You will incur compute charges if you use just the Operating system shutdown button on the VM.

If you need to handle some large scale analysis and need more CPU and/or memory and/or disk capacity you can find a large choice of VM sizes in terms of CPU cores, memory capacity and disk types (including Solid state drives) that meet your compute and budgetary needs. The full list of VMs along with their hourly compute pricing is available on the Azure Virtual Machines Pricing page.

Similarly, if your need for VM processing capacity reduces (for example: you moved a major workload to a Hadoop or a Spark cluster), you can scale down the cluster from the Azure portal and going to the settings of your VM instance. Here is a screenshot.

VM instance settings

10. Install additional tools on your virtual machine

We have packaged several tools that we believe will be able to address many of the common data analytics needs and that should save you time by avoiding having to install and configure your environments one by one and save you money by paying only for resources that you use.

You can leverage other Azure data and analytics services profiled in this article to enhance your analytics environment. We understand that in some cases your needs may require additional tools, including some proprietary third party tools.

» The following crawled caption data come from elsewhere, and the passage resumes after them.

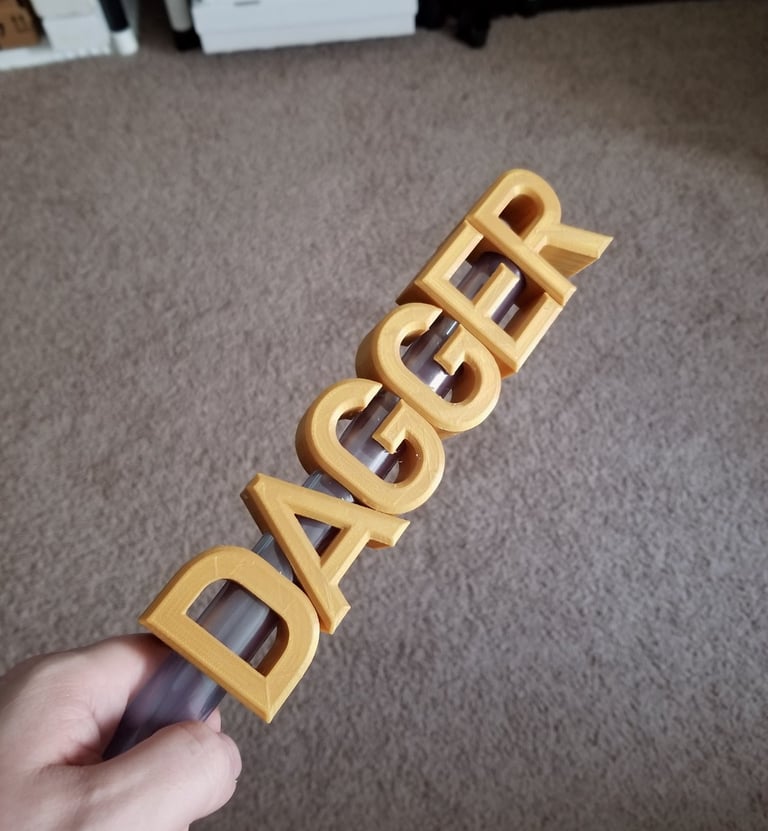 A 3d printed dagger with the blade forming the word dagger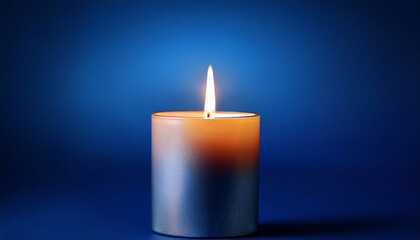 glowing candle with warm flame illuminates dark blue background creating serene and peaceful atmosphere simplicity of design highlights candle gentle light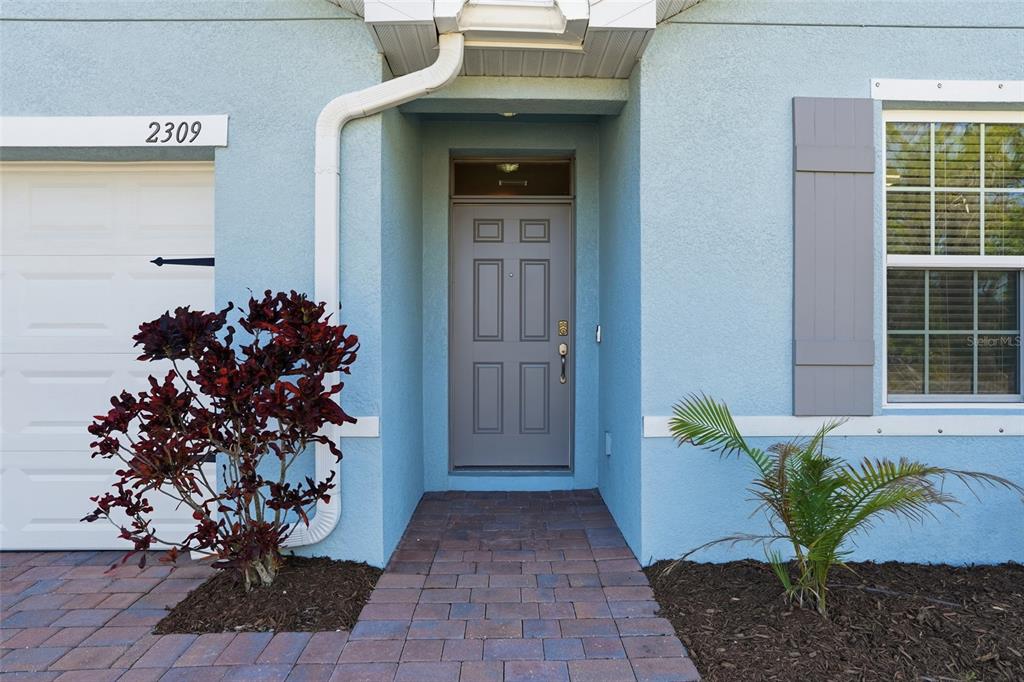 The exterior of a light blue house features a gray front door and a walkway — 2309 PILGER AVENUE, NORTH PORT, FL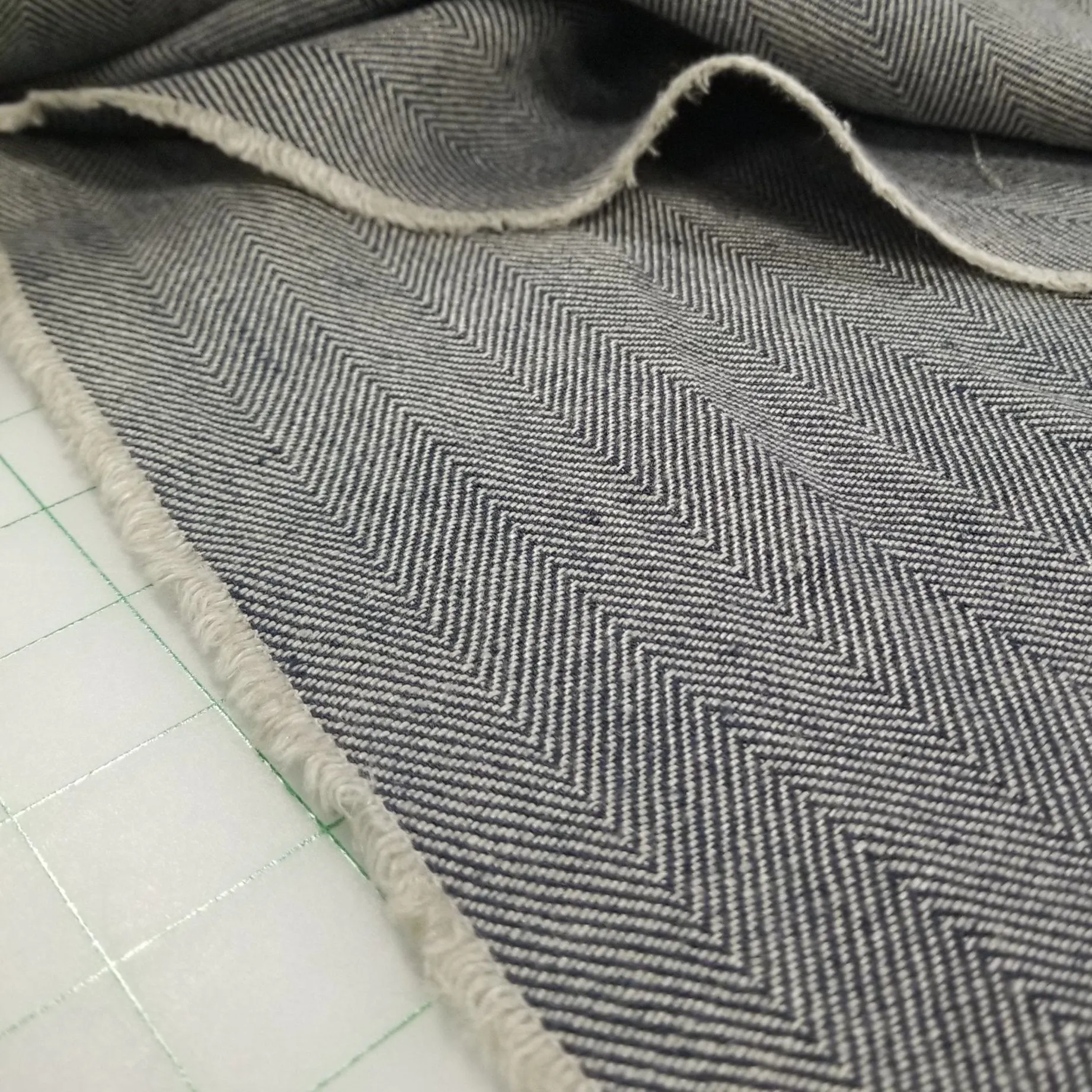 ENd of Bolt: 1-5/8th yards of Irish Pure Linen Dark Navy Herringbone Bottomweight Spence Bryson Woven 300 GSM-remnant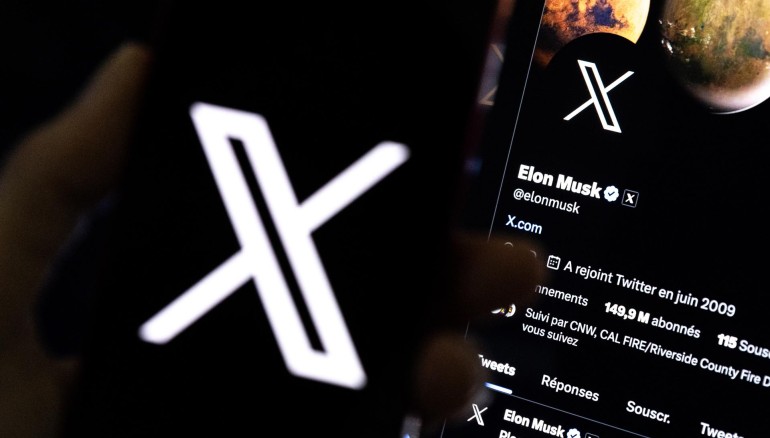 Vista de un usuario sosteniendo un teléfono móvil que muestra el logotipo 'X' frente a la página de Elon Musk en Los Ángeles, en una fotografía de archivo. EFE/EPA/ETIENNE LAURENT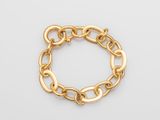 an image of a gold bracelet on a white background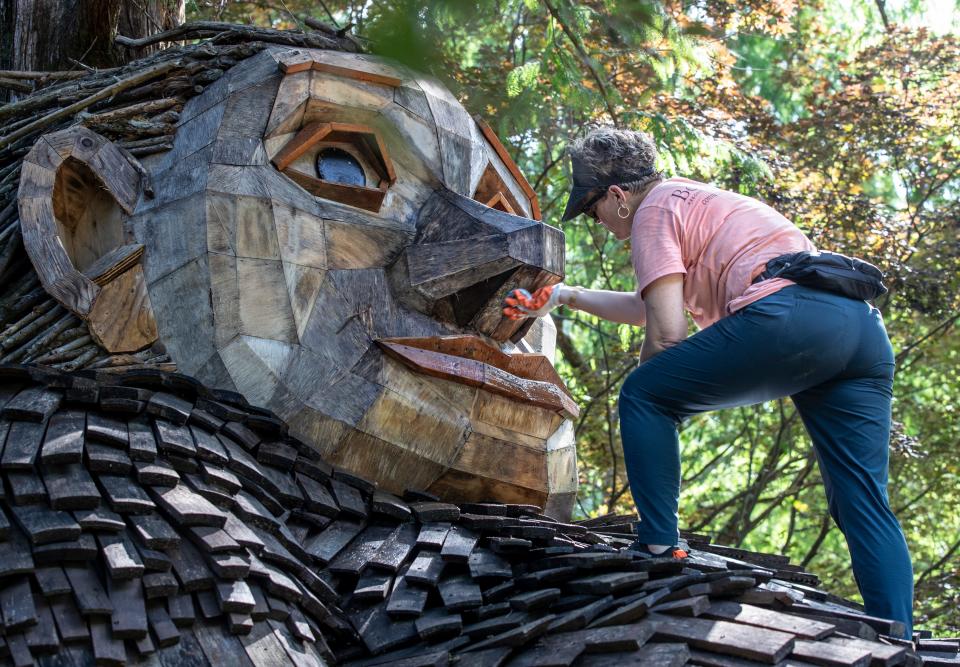 Jenny Zeller, Arts and Nature Curator at Bernheim Forest, cleaned the face of giant troll Mama Loumari as part of an annual cleaning and repair of the wooden sculptures. July 20, 2022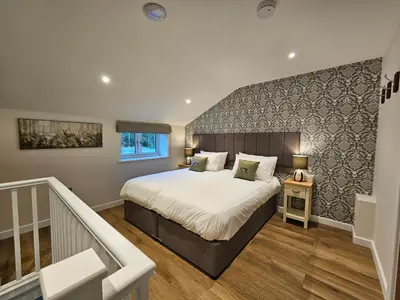 a bedroom with a large bed and a staircase at Cameo Suite - The Apple Barn in Pettistree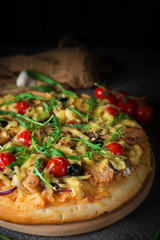 Pizza with chicken, arugula, cheese and onions on wooden rustic table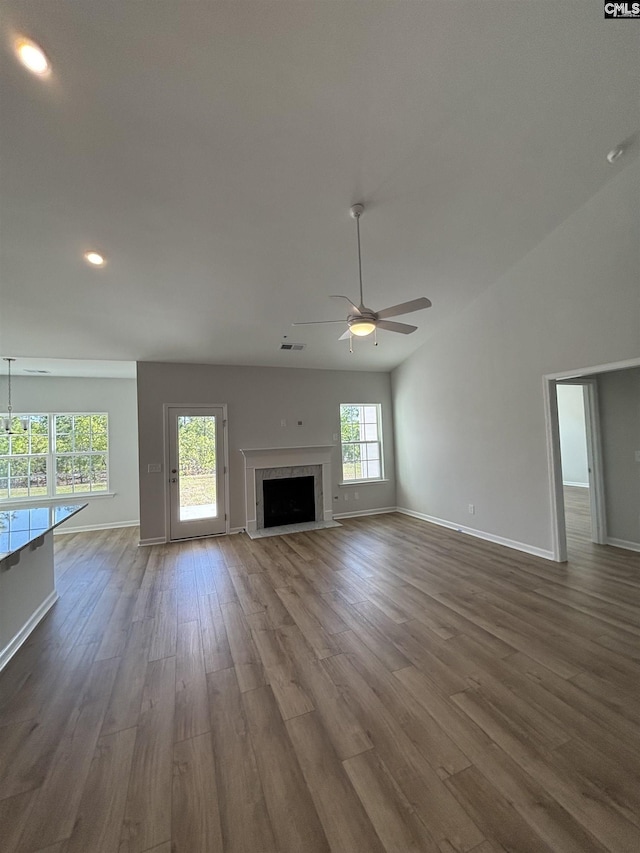 unfurnished living room featuring dark wood finished floors, recessed lighting, baseboards, visible vents, and a ceiling fan
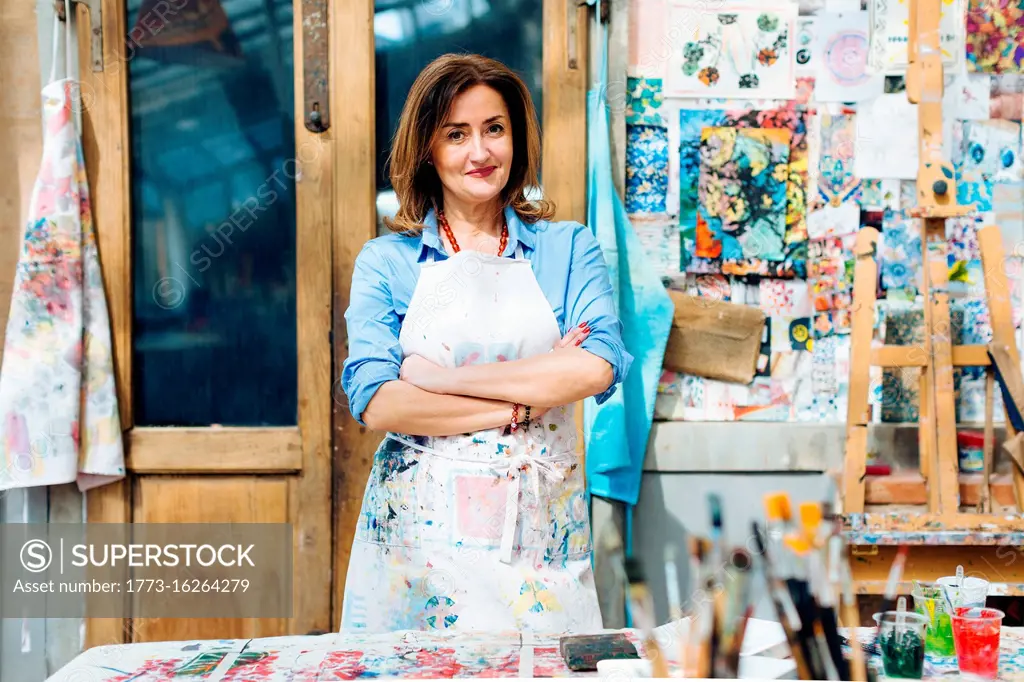 Portrait of female artist in creative studio, smiling
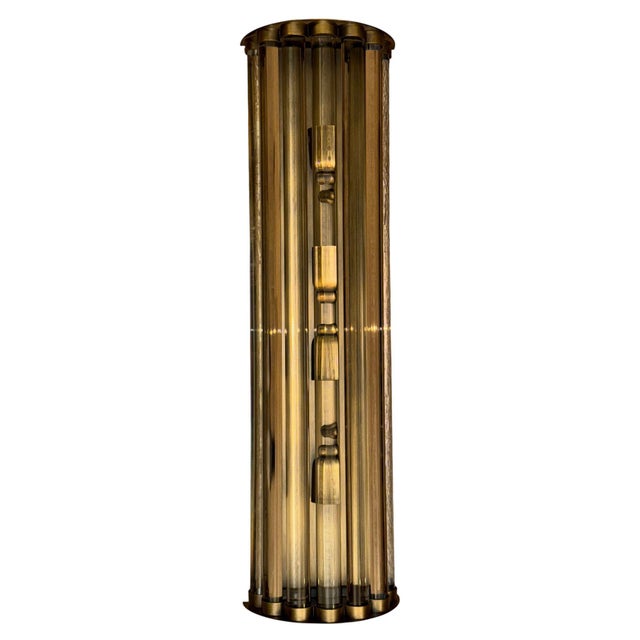 Elegant large-scale Italian Mid-Century Modern wall sconce, dating to circa the 1970's, combining architectural brasswork...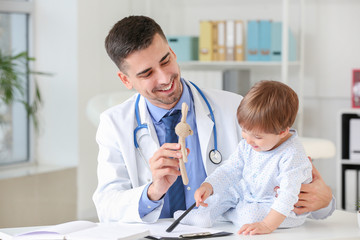 Pediatrician examining little baby in clinic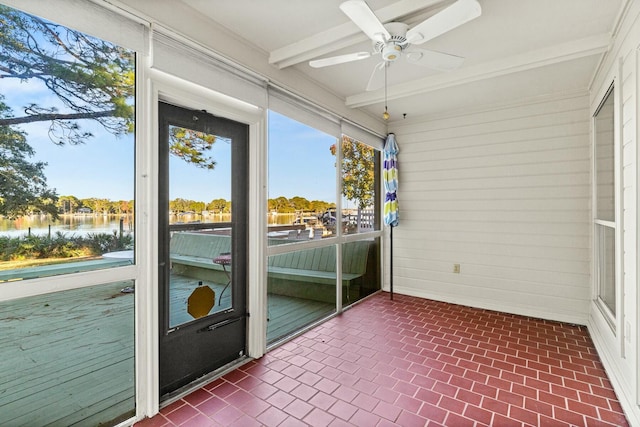 unfurnished sunroom with beam ceiling, ceiling fan, and a water view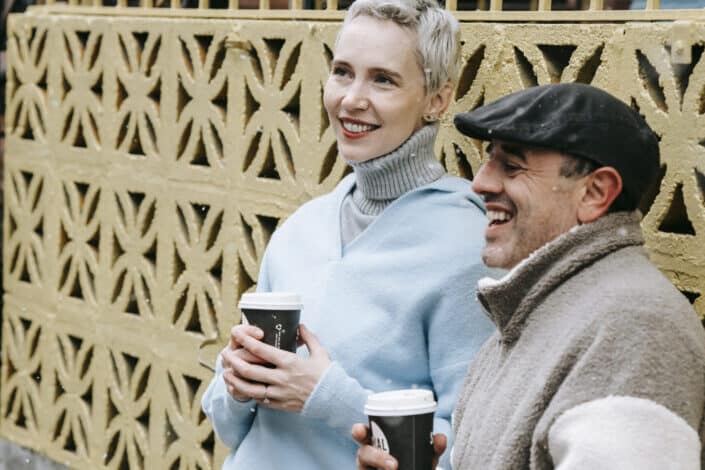Hombre y mujer charlando mientras bebe café afuera en un clima frío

You have full administrative access on the virtual machine to install new tools you need. You can also install additional packages in Python and R that are not pre-installed. For Python you can use either conda or pip. For R you can use the install.packages() in the R console or use the IDE and choose "Packages -> Install Packages...".

Summary

These are just some of the things you can do on the Microsoft Data Science Virtual Machine. There are many more things you can do to make it an effective analytics environment.